What I keep personally encountering is a game series that is perfectly okay with you coming into the level completely blind, scouting it out a few times via unsuccessful attempts to get a ‘feel’ for the scripting of the NPCs and where the possible solutions are located, attempting the perfect execution of the puzzle solution several times more via death-and-repeat trial-and-error gameplay.

I think there’s a group of game players that really enjoy this sort of frustration in their gameplay. They clamor for ‘hard mode’ content like Dark Souls or Super Meat Boy where they have to bang their heads against a particular section repeatedly, dying and restarting, dying and restarting, until they either pass, or better, ace it with flying colors.

I’m a little less sure about how I feel about that kind of gameplay. It does usually tilt more to the frustration=no fun side for me, rather than the other way around.
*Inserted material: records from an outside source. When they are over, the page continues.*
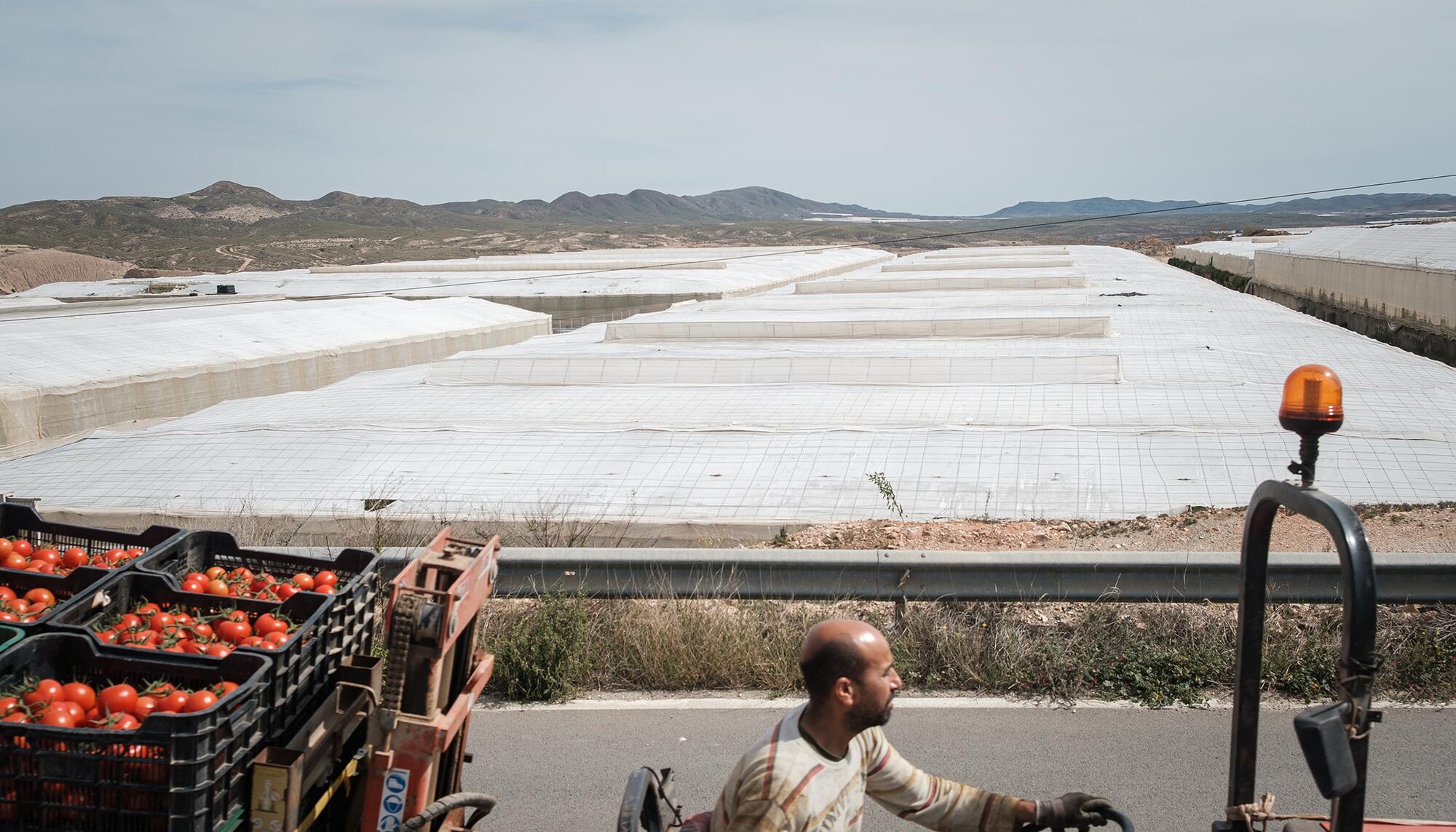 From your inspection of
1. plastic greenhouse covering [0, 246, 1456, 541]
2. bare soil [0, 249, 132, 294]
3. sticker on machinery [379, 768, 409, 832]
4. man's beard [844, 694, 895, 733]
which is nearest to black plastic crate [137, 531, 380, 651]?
sticker on machinery [379, 768, 409, 832]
Of course, it may just be non-polished issues with the first game. The default controls are anything but. They started out in a numpad layout. There was a “WASD” option, so I hit that, and the usual S key for backward?  It was walk forward… because W was taken up with run forward. And they shifted walk backward to X. ‘R’ didn’t even stand for Reload, a convention that I thought has been in place for years of first and third party shooters that offer guns. I had to rebind practically everything before starting to play.
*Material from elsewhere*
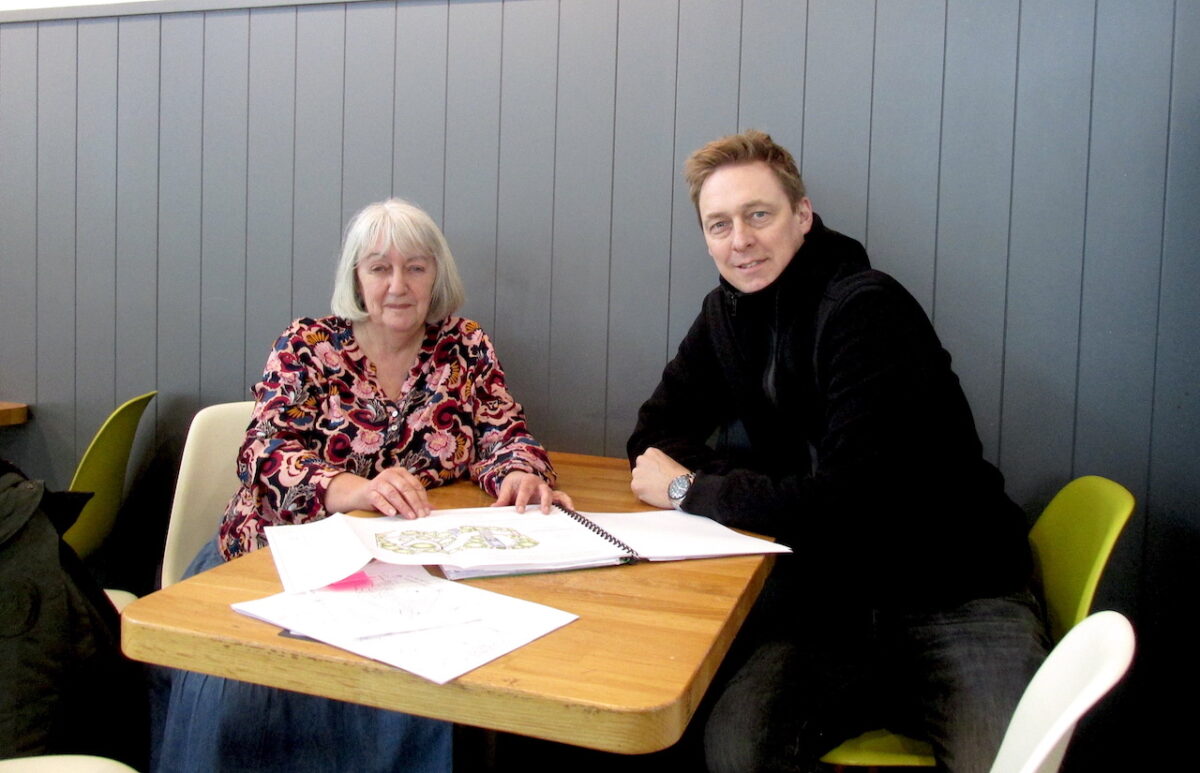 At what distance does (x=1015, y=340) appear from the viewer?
1693mm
There were no save mid-game functions… so every time you screwed up – and you can’t help but screw up when you’re coming into it blind and don’t even know what to expect – you began all over again, mission briefing clicking and unavoidable cutscenes included.

*twitch*

Then there’s the funny thing about me and game series, which I daresay is also a problem for other people too.

I feel distinctly odd if I attempt a game sequel (or game 4 or game 5), without having played through the early games in order.

It’s like… aren’t I going to miss a significant part of the story this way, or some of that ‘historical’ experience other gamers would have had, by playing this game series in sequence?

And yet… something about game 1 or game 2 ends up being off-putting, because they’re more primitive and more raw, without the benefit of experience and iteration smoothing out those rough corners, and I find I can’t actually complete or continue the game… yet am reluctant to move on to later sequels.

I have similar problems with Assassin’s Creed, Torchlight II, Orcs Must Die 2 and so on…

(Baldur’s Gate 1 and 2 would have been a similar case, except that I did get through 75% of the first game – and finally gave up with the endless side map explorations and charged through to the story’s end via walkthrough – and decided that qualified me to graduate on to 2 when it came out, which was excellent because 2 was a much better game than 1 in so many ways.

And I can see someone getting stuck on the Batman: Arkham games in a similar fashion too, though I thankfully liked that series so much I played through really fast.. just some completionist stuff on Origins left, and waiting for Arkham Knight to not suck.)

Dunno.

Maybe I just need to get over it, especially since I have plenty of hard disk space now, and install the later games and just start and -try- them.

Maybe one will click, and I can use that as a jumping off ground to play the later sequels, and treat the earlier games then as “prequels” that may or may not be played later.

This post was brought to you by the letters B for Belghast and Blaugust, and the numbers 14 and 47.